The Single Petal Of A Rose

 わが師匠浜崎航さんと片倉さんのDuo。数年前からDuke Ellington Songbookと銘打ってライブ活動をしていましたが、この度アルバムになりました。

 考えてみれば、Duke Ellington楽団の戦後の曲って、Bily Strayhornの曲が多いんですよね。
 Strayhornの曲は、それはそれですごいのですが、Strayhornがきてから、エリントンは一歩引いた(管理職に退いた?)感さえあります。
 それまではEllingonの一枚看板だったわけでして、だから、エリントンの曲というと、エリントンの前半生に作られた曲が多いように思います。

 エリントンの曲というのは膨大なアーカイブがあるわけですが、ハードバップなどの、昔日本のジャズ喫茶界で好まれてきた辺りのサウンドでは、それほどは取り上げられないので、そこに少々の断絶があるのです。

 このアルバムでは、どちらかというとレスター・ヤングとかの世代のOld-Schoolerの雰囲気でして(割と細かくいれるビブラートとか)、Encounterなどで、まるっきりコンテンポラリーに振れている浜崎さんの逆のベクトルを垣間見ることができます。

一つ苦言を呈するならば、Duke Ellington Song Bookというユニット名なんですが、私のiPodに入れると、浜崎航とタグ付けするわけにもいかず、片倉真由子とタグ付けするわけにも行かずで、割とライブラリーの中に埋もれてしまうんですよね。
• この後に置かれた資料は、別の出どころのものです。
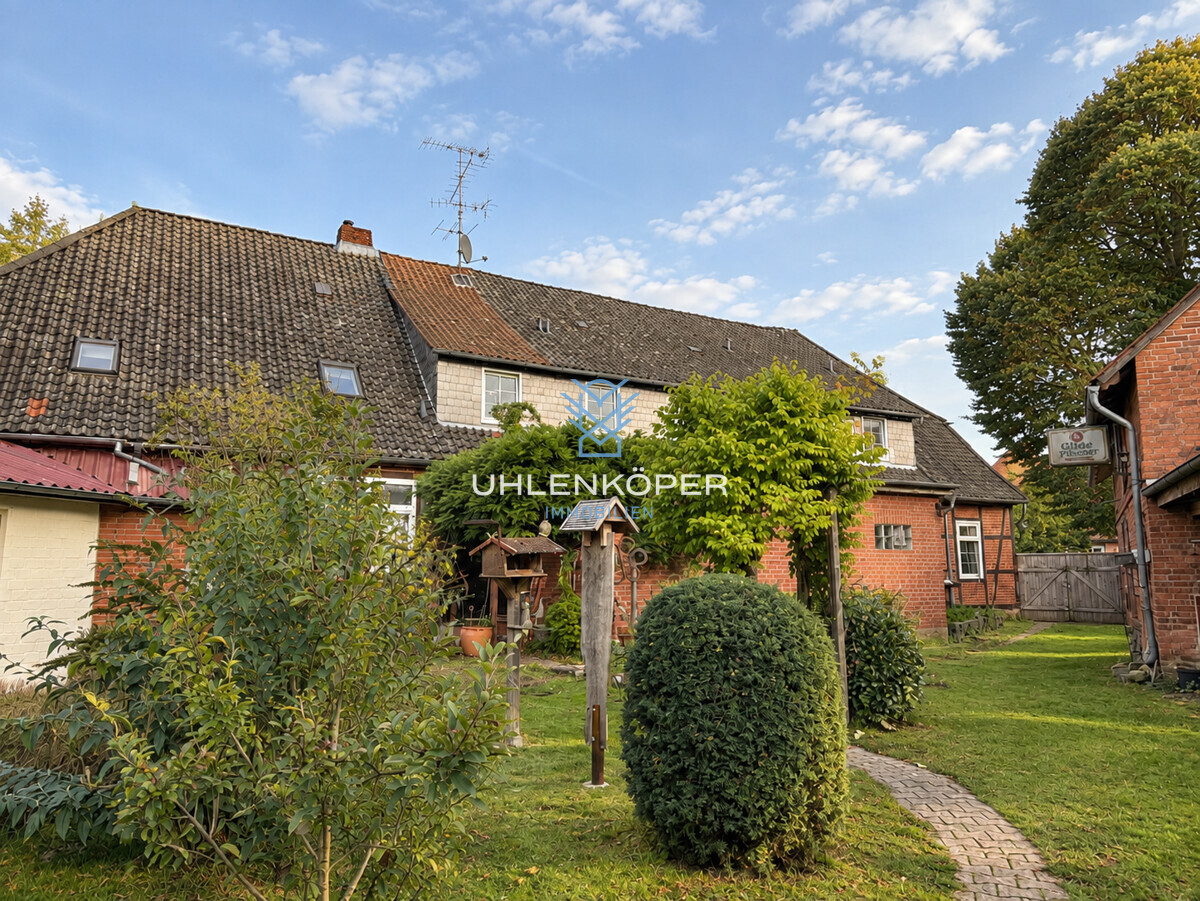 Rückansicht mit Garten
ま、むしろ iTuneが、タグクラウド仕様になってくれればいいんですが。

"Diane" Chet Baker

Diane

Diane

 よれよれチェットの晩年の作品群(特にSteeplechaseの)やつはどれも素晴らしいのですが、私はDoug Raney、Pedersenとのドラムレストリオ群を特に愛聴しています。
 このあたりのChetを聴きながら、Chet Bakerという、ある種の天才が辿らざるを得なかった人生の晩年の味について思いをはせるのです。
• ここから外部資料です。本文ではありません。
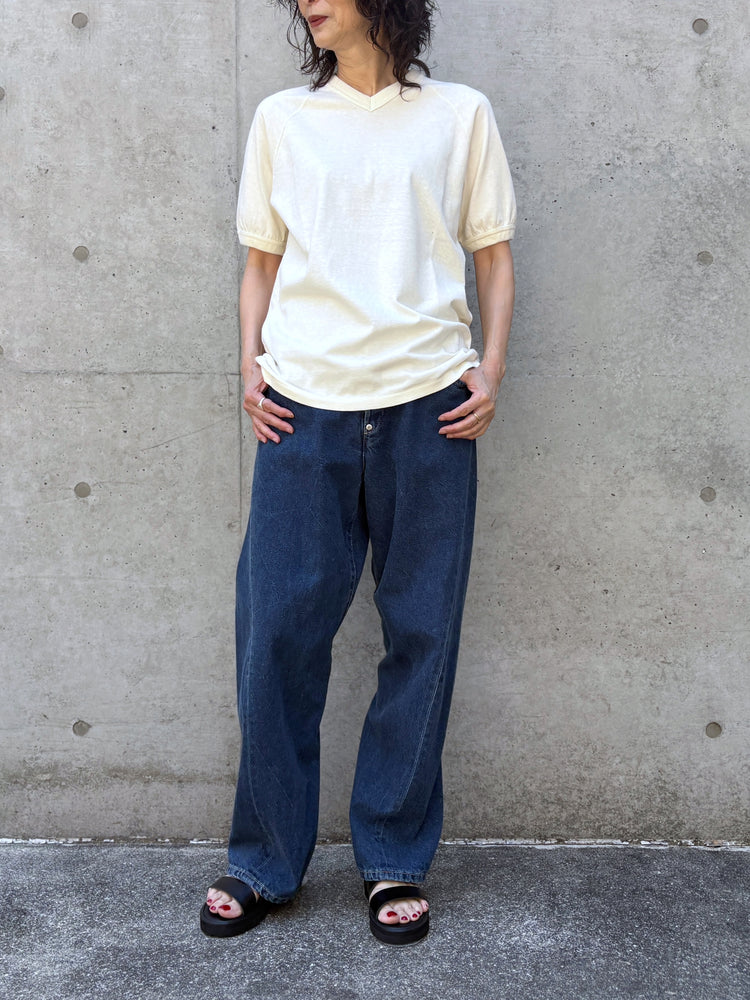 SOPHIE TALKS ABOUT THE WEATHER / VネックリンガーTシャツ / IVORY / COM-26S-CU06
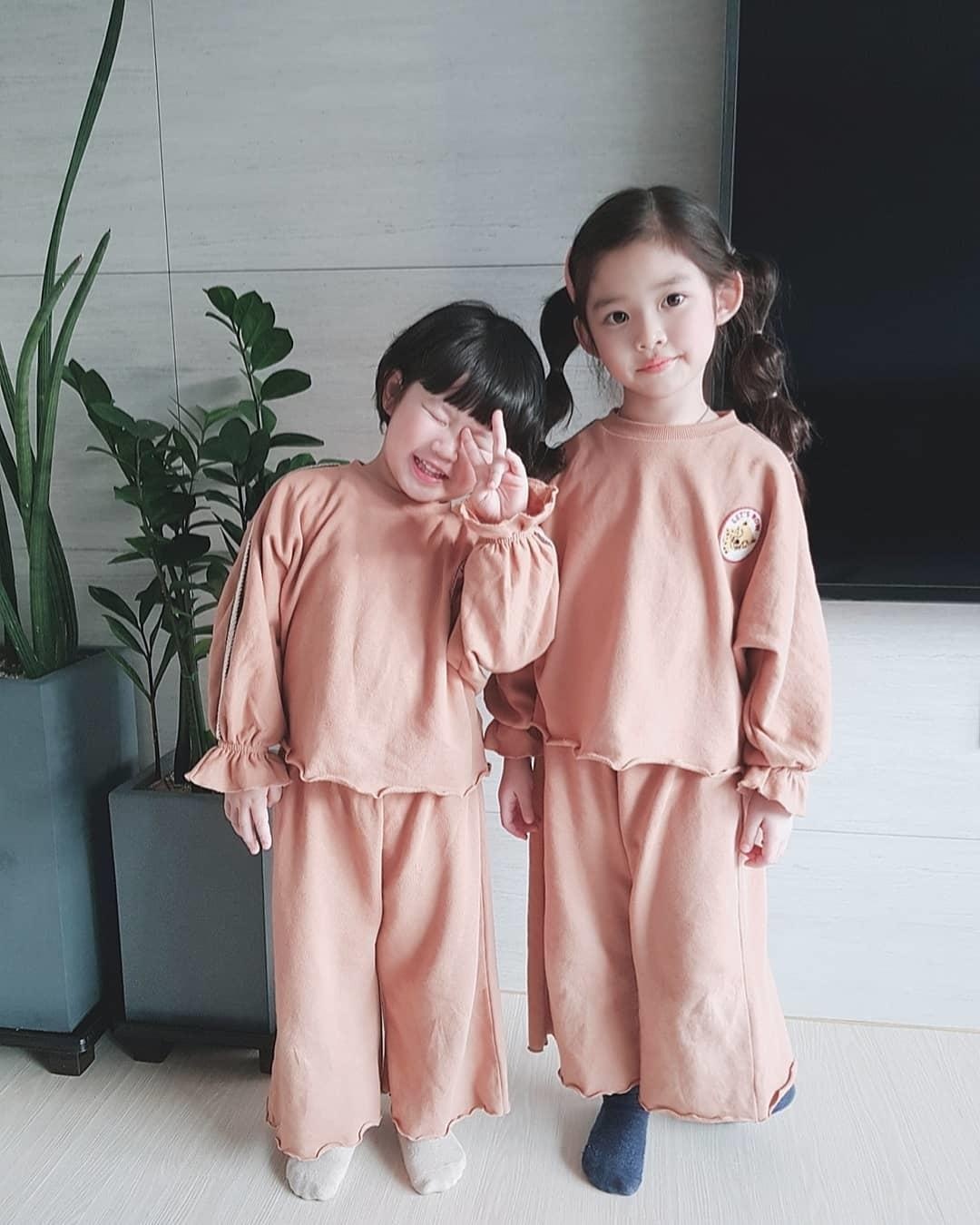 cap chi em han quoc xinh xan anh 12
 で、久しぶりに別のを買ってみました。これはPaul BleyとのDuo盤。
 Paul Bleyって、もうちょっとアヴァンギャルドな演奏ではなかったかと思うけど、ひどく普通の、というか、そんなにひねりのない普通のピアノデュオでのバッキング、のように思われる。
 いや、別に奇を衒う必要はないのですがね。

 スッカスカのラッパの音色でありますが、フレージングなどはやはりツボをおさえて離さないチェット・ベイカー。あまりまとわりつくようにはならないポール・ブレイのピアノ。
 ポール・ブレイが、ベイカーを突き放しているような感じを受ける。
 まぁ、チェットもうろたえたりとかしないんだけれど。
 冒頭のIf I should lose youなんかは、いかにもな 晩年Chetの油の切れた感じを表していて、あざとくさえ思われるくらい。
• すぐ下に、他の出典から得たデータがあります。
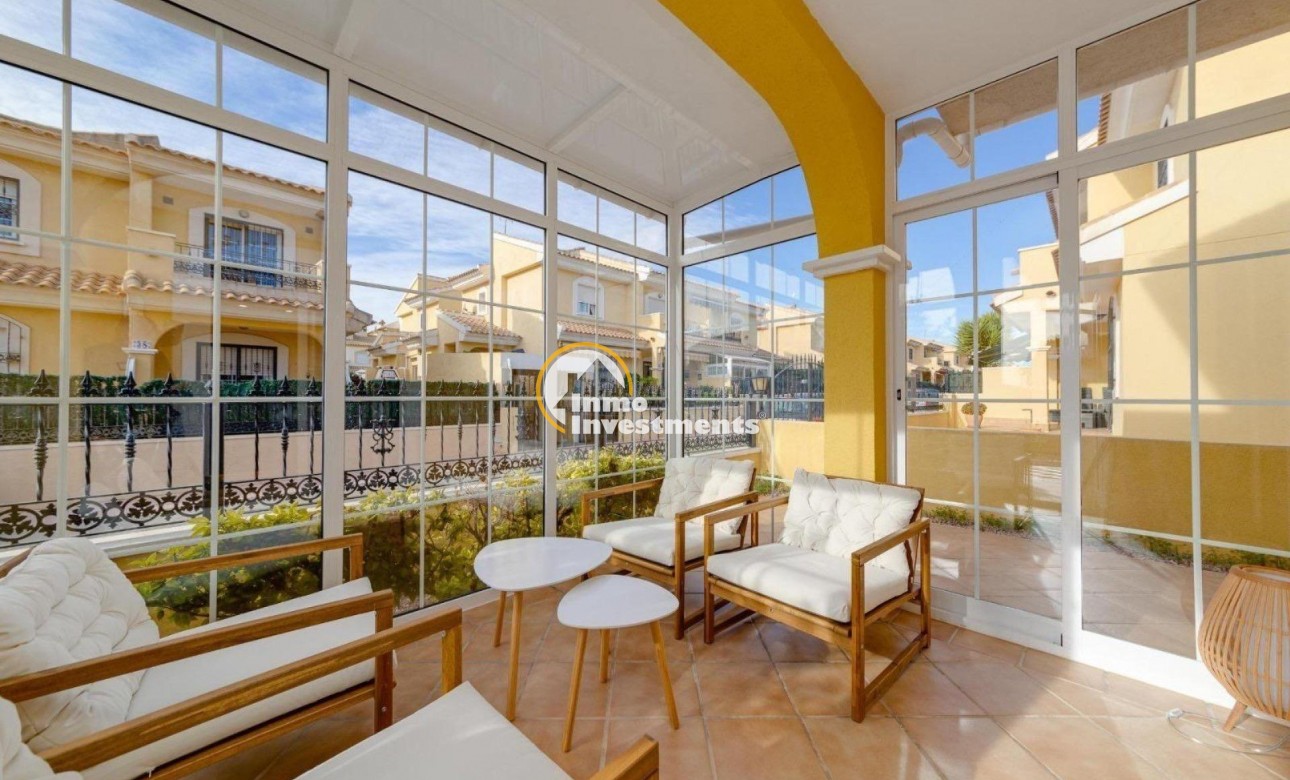 Till salu - Villa - Orihuela Costa - Playa Flamenca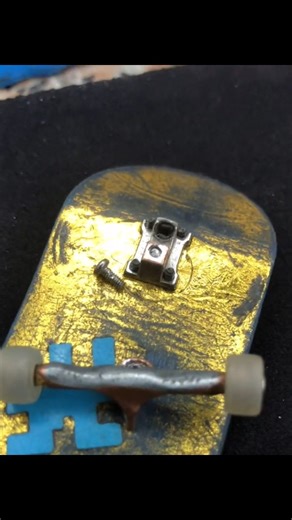 Game handboard on Instagram: "??? #fingerboard #fingerboarding #fingerboardingisfun #fb #skateboard #skate #skateboarder"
 "Pent-up House"この手の「よれチェット」にとっては結構きつい曲だが、これは頑張りました。

類家心平 4 "Sector b"

Sector b

Sector b

 最近、国内ジャズのCDといえば、地方にも来てくれるミュージシャンが手売りで持ってきてくれるものを買う、という購入パターンがほとんどだったんです。ナマの演奏を聞けるしCDに思い出も付与されるので、それはそれで非常にいいんですけれども、小規模のジャズクラブに来てくれるミュージシャンの音楽にしか触れない、というのもどうかと思うの。
 それで、雑誌とかみて、今これが押し出しですー的なこれを買ったんです。

 多弁なプロデューサー菊地成孔は、すぐマーケティングの種明かしとかしてくれるから好きさ。
たとえば、これなど→
http://webdacapo.magazineworld.jp/culture/music/62313/

 ま、それでそういうウェブサーチャーに「わかった気」にさせて、購買欲をそそる、という、これは二重の罠なのかもしれません。
 一見わかりやすげな言説にこそ、裏がある、ということをよくこの人はいいますよね。

 ジャケットは、いかにも「ワイルド系、汗がパルファム」的な風貌の類家氏の近影。
 で、内容は、いわゆるメインストリーム・ジャズではないやつ。しごくイマドキのまっとうな演奏。

 マーケット、というのを見据えてCDを作ると、こういう感じになるんだなあ。

 とはいえ、いわゆるマスプロダクトではなく、ハイアートだけども、採算が取れるレベルでの作りこみ方です。
 たとえば 演奏についても、基本的にもうちょっと濃厚でどろどろたりえるけれども、削いで削いで、消費する側が、受け取りやすいレベルに歩み寄らせている。削ってわかりやすくするのがプロデューサー菊地の仕事で、演奏している当人は一切媚びない、みたいな感じ。
 なるほど、菊地プロデュースっていうことを冠する意味は、確かにあると思う。このあたりは結構高度な資本主義社会の高度な計算の片鱗が垣間見られ、さすがだなあと思います。

 ええと、演奏内容は…
 マークXのCFで、にやりと笑う「部長、あの笑顔は……ずるいです」でおなじみの佐藤浩一が、CF中、カーステレオで聴いている音楽は、こんな感じか、って感じのサウンド

 こういうの聴くと、自分もかっこいい音楽やってモテたいなあと思います。
 モテたい病こじらせて、気がつくと37ですよ。
 今年で38、しっとるけのけですよ(大体今の若い子これしらんし)。